##### RECORDS #####
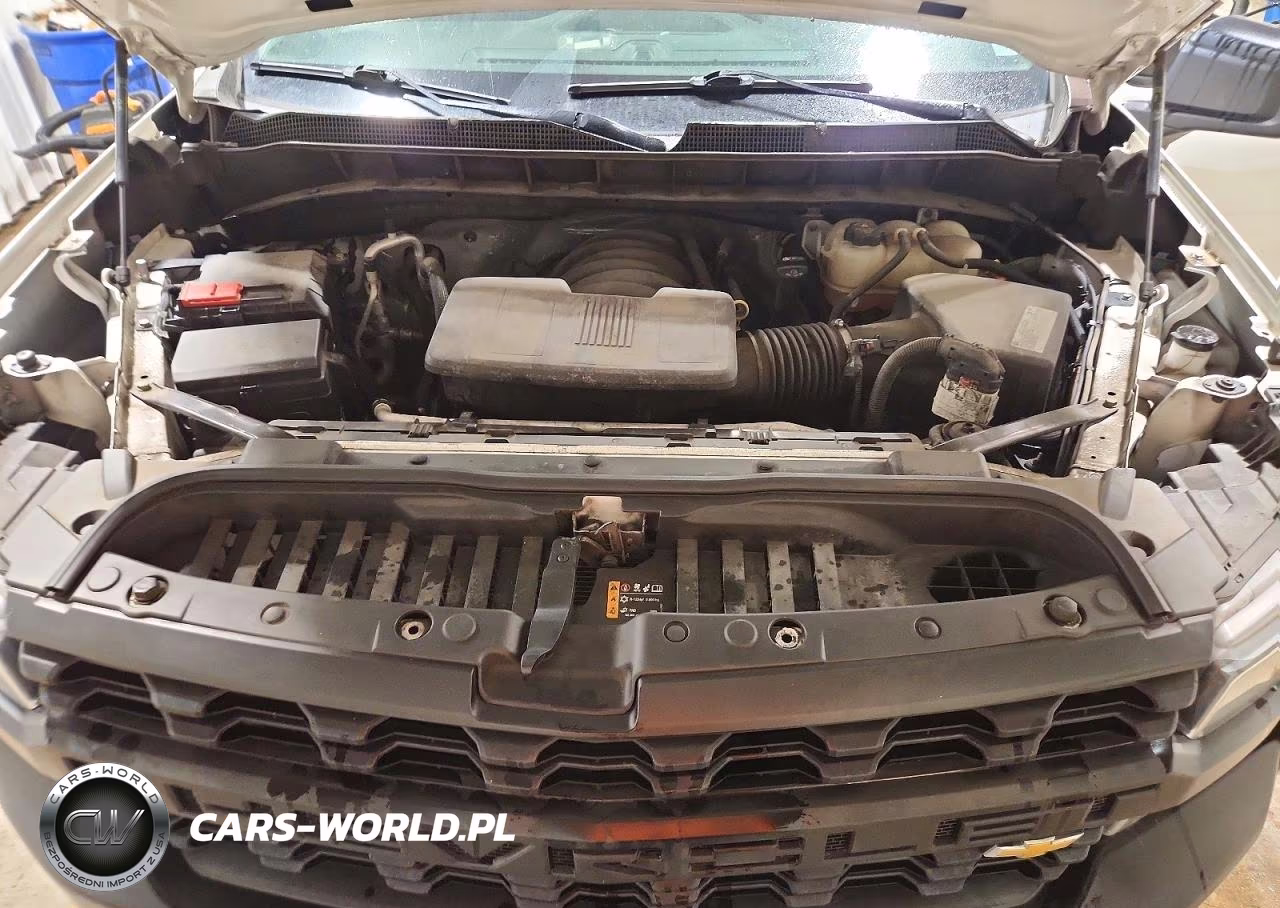 2019 Chevrolet Silverado C1500 VIN:1GCRWAEHXKZ424407 - 11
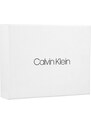 Calvin Klein dámské černé pouzdro pro airpody IPOD AIR DANGLE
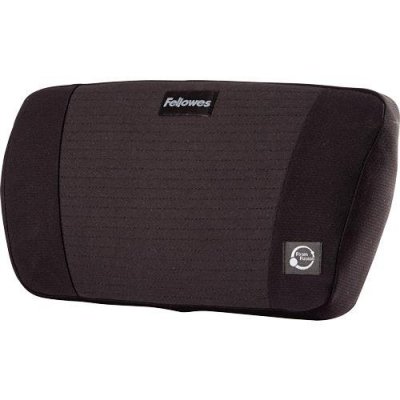 KRZESŁO BACK SUPPORT PLUSHTOUCH LUMBAR 8026501 FELLOWES
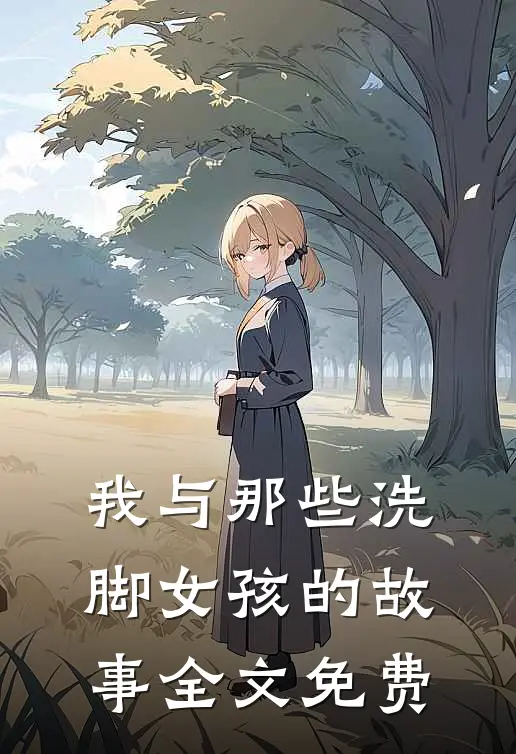 我与那些洗脚女孩的故事全文免费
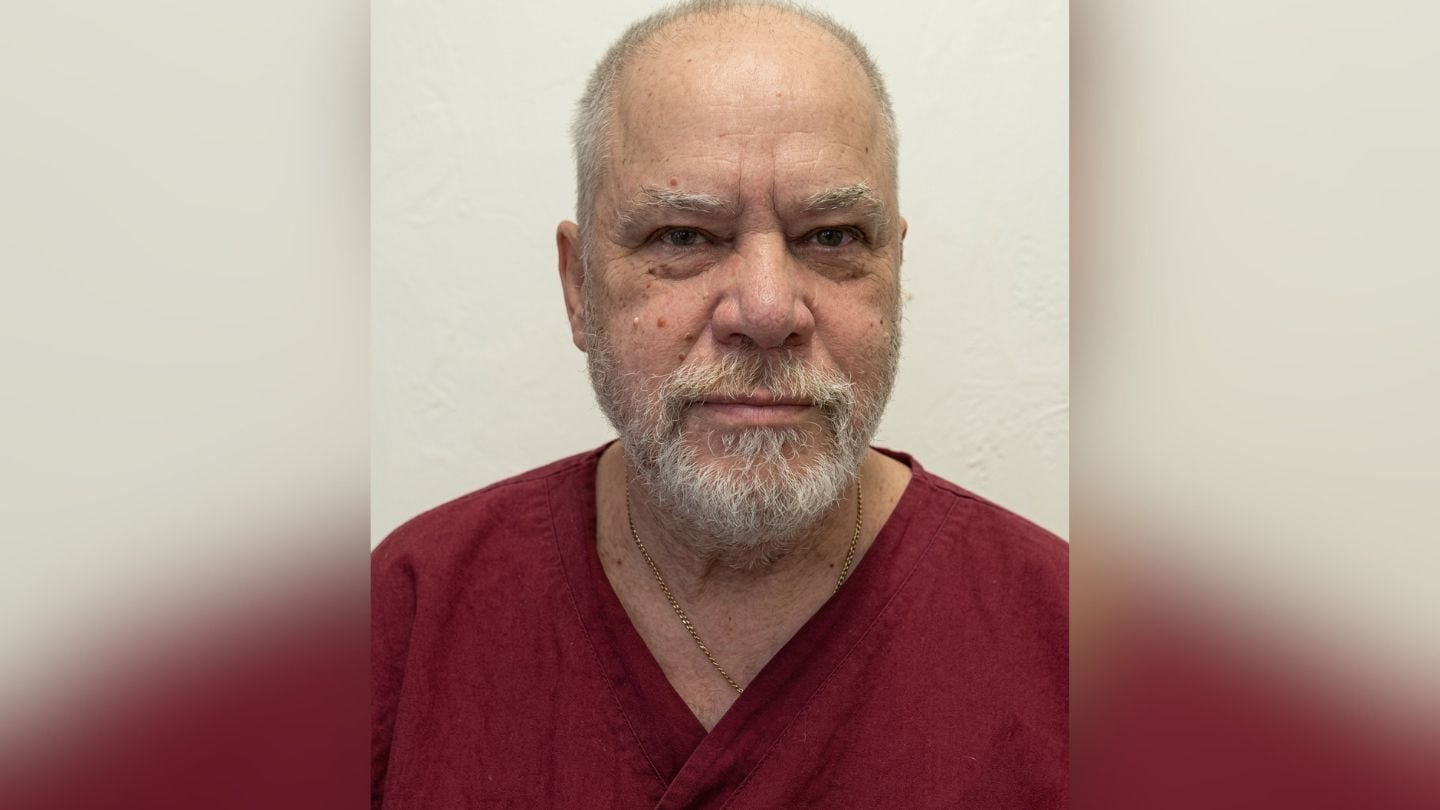 Cubano de 70 años sentenciado a muerte recibe la inyección letal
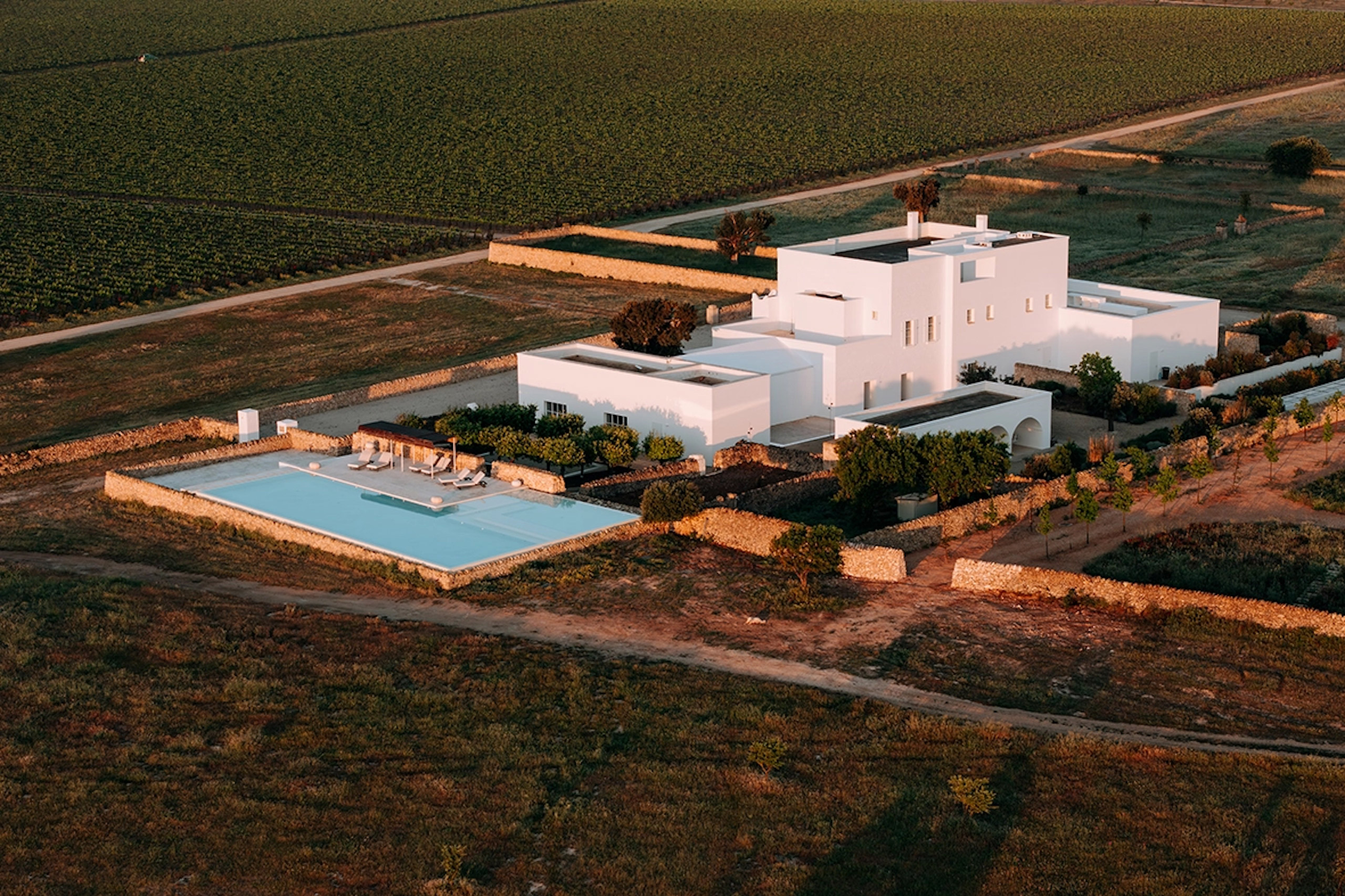 Masseria Samia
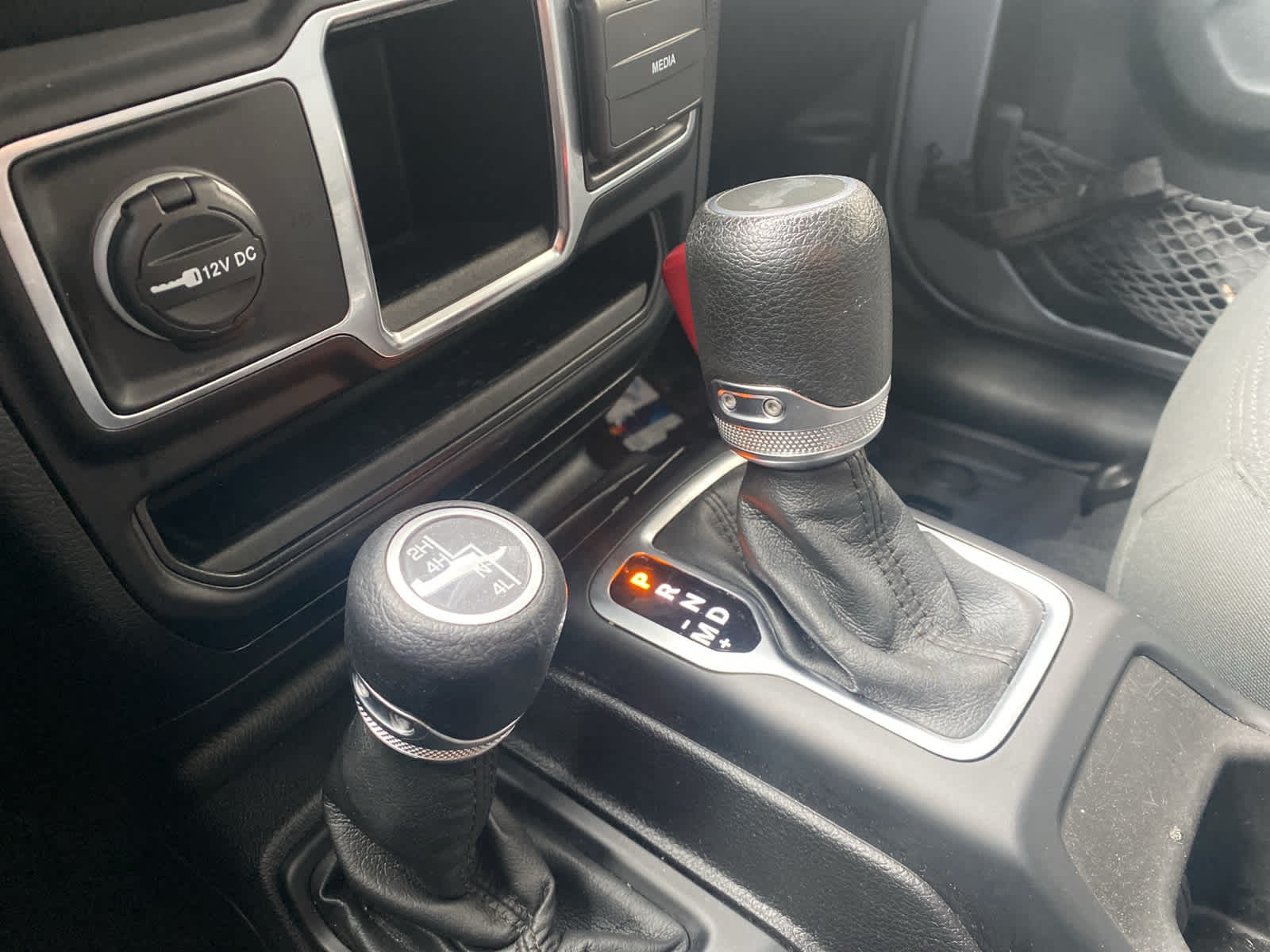 Thumbnail: 2021 Jeep Wrangler - 13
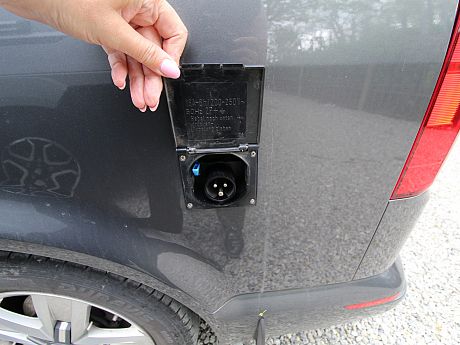 Westfalia Club Joker City High Top - 2021 image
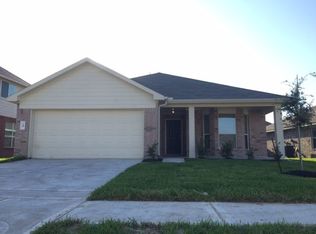 29 Lavida Ct, Manvel, TX 77578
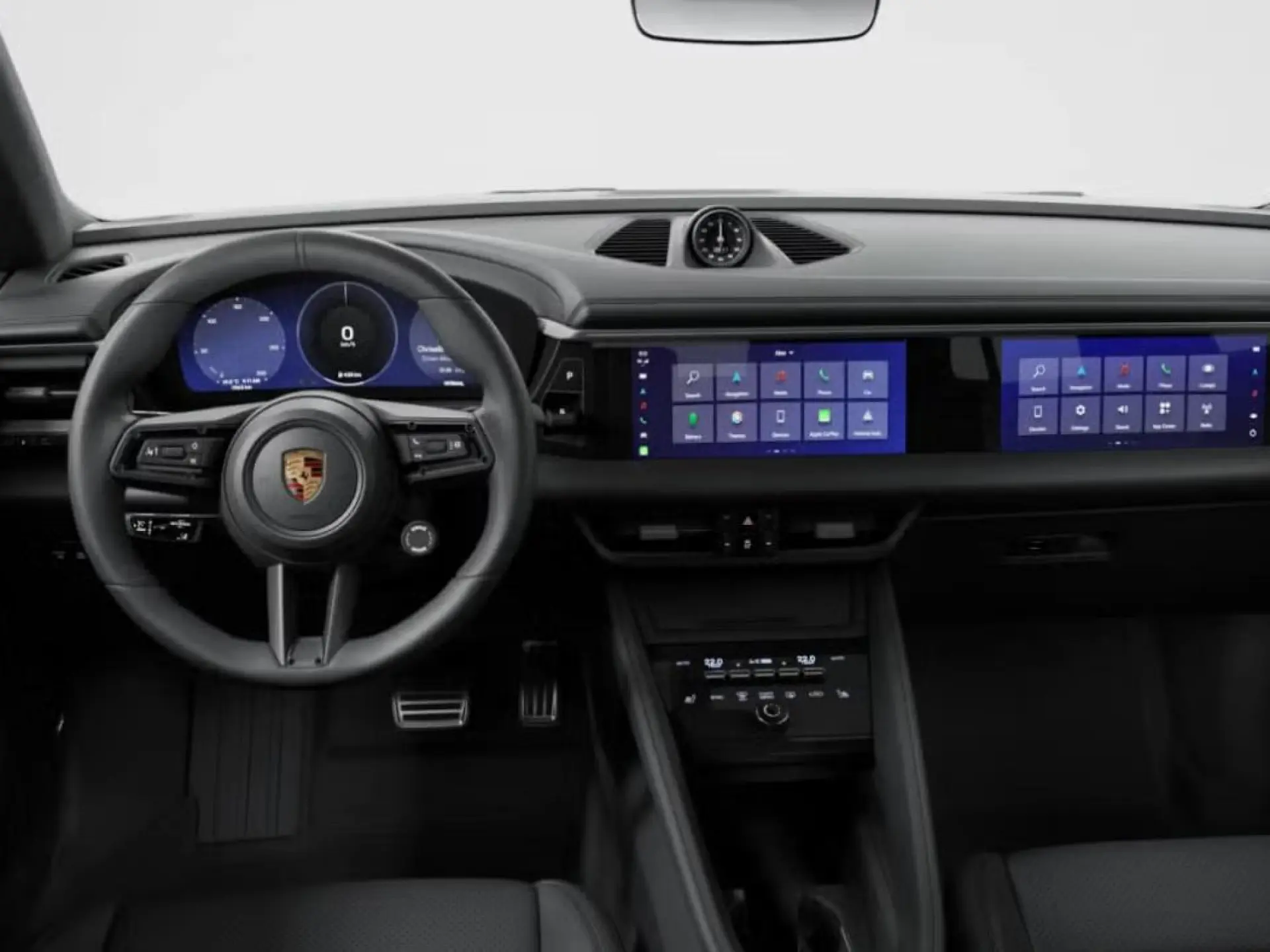 Macan 4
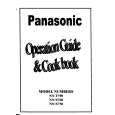 PANASONIC NNS760 Owners Manual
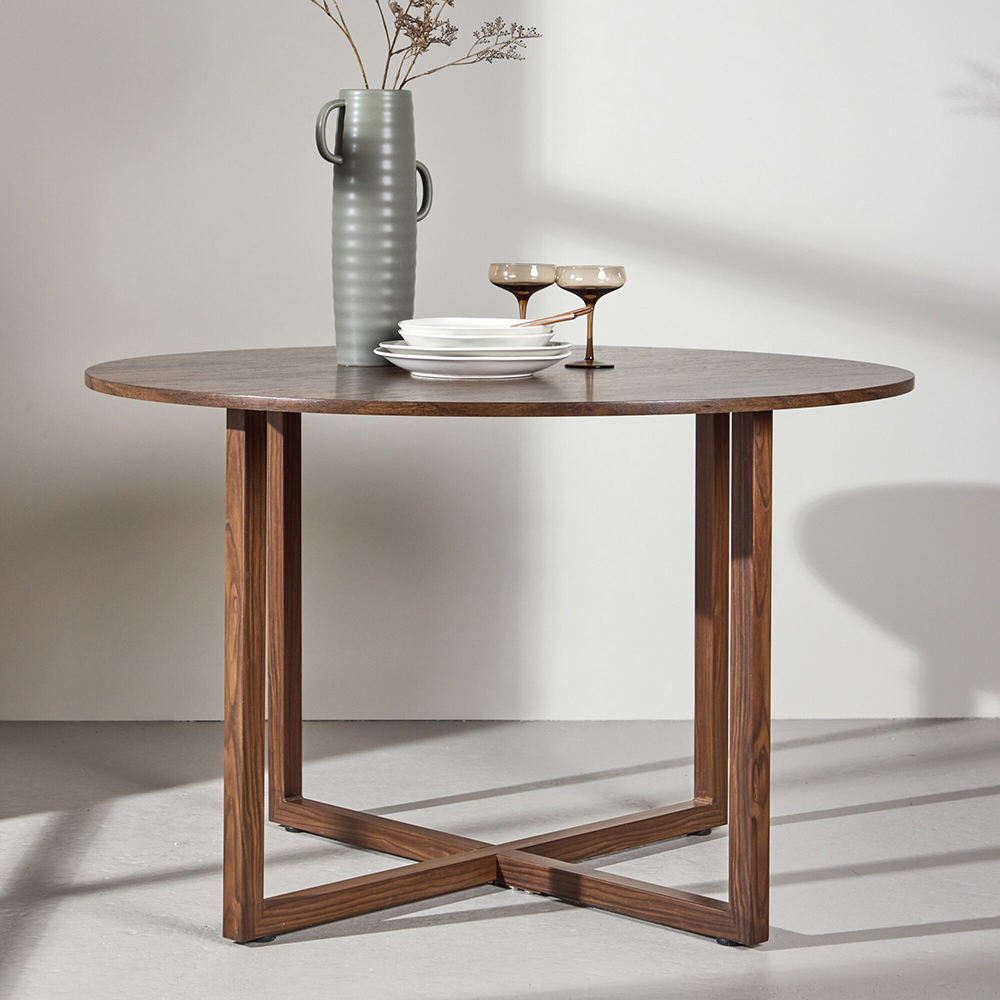 Matbord Venture Home Durango Ø120 cm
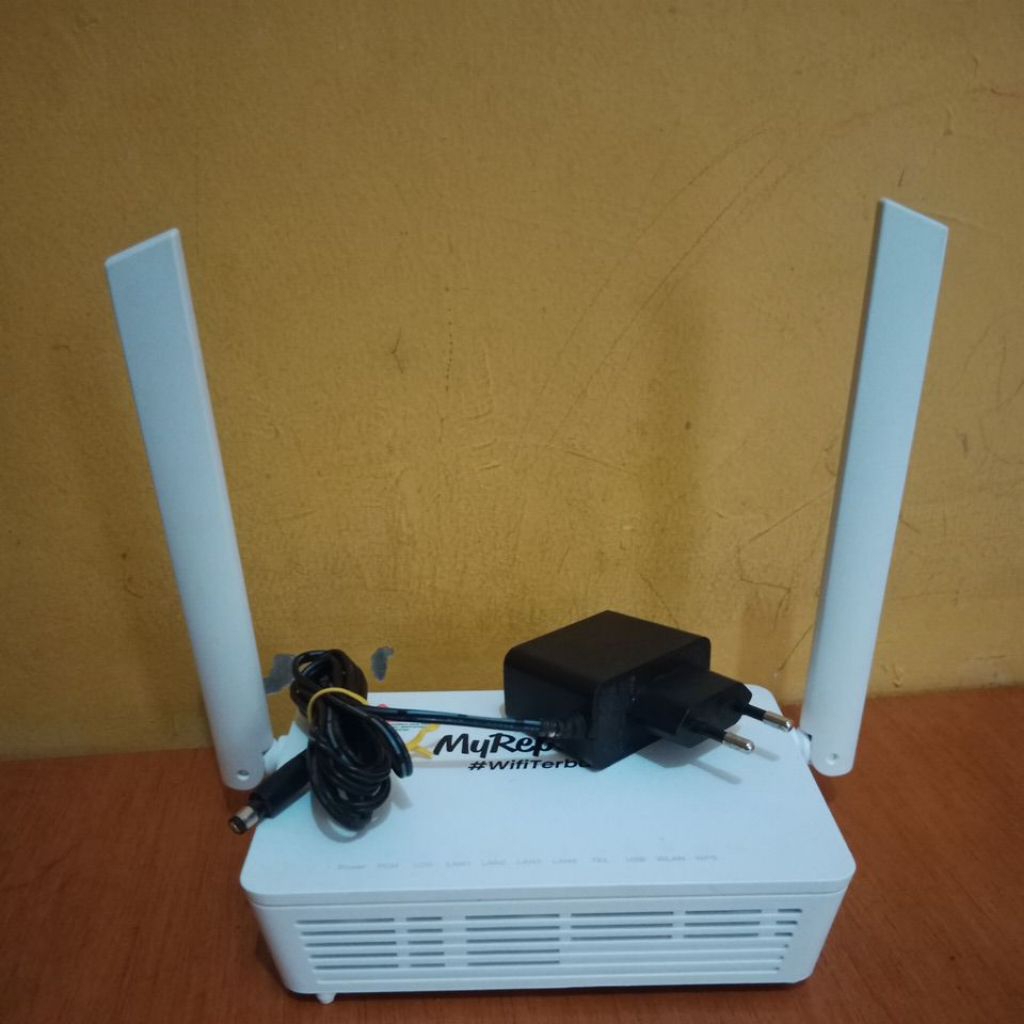GPON HUAWEI PREMIUM HG8145X6-10 ADD WAN - HUAWEI 5X6 PREMIUM Wifi 6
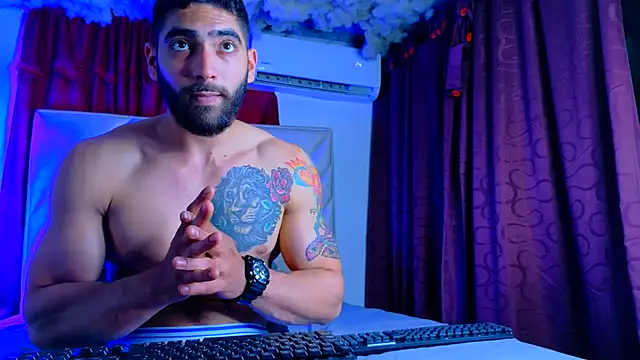 Rich_boy01 live cam on StripChat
#####
■ INSTRUCTIONS TO FOLLOW ■
Repeat all the records exactly, images excluded.

■ WRITTEN RESPONSE ■
 2019 Chevrolet Silverado C1500 VIN:1GCRWAEHXKZ424407 - 11
 Calvin Klein dámské černé pouzdro pro airpody IPOD AIR DANGLE
 KRZESŁO BACK SUPPORT PLUSHTOUCH LUMBAR 8026501 FELLOWES
 我与那些洗脚女孩的故事全文免费
 Cubano de 70 años sentenciado a muerte recibe la inyección letal
 Masseria Samia
 Thumbnail: 2021 Jeep Wrangler - 13
 Westfalia Club Joker City High Top - 2021 image
 29 Lavida Ct, Manvel, TX 77578
 Macan 4
 PANASONIC NNS760 Owners Manual
 Matbord Venture Home Durango Ø120 cm
GPON HUAWEI PREMIUM HG8145X6-10 ADD WAN - HUAWEI 5X6 PREMIUM Wifi 6
 Rich_boy01 live cam on StripChat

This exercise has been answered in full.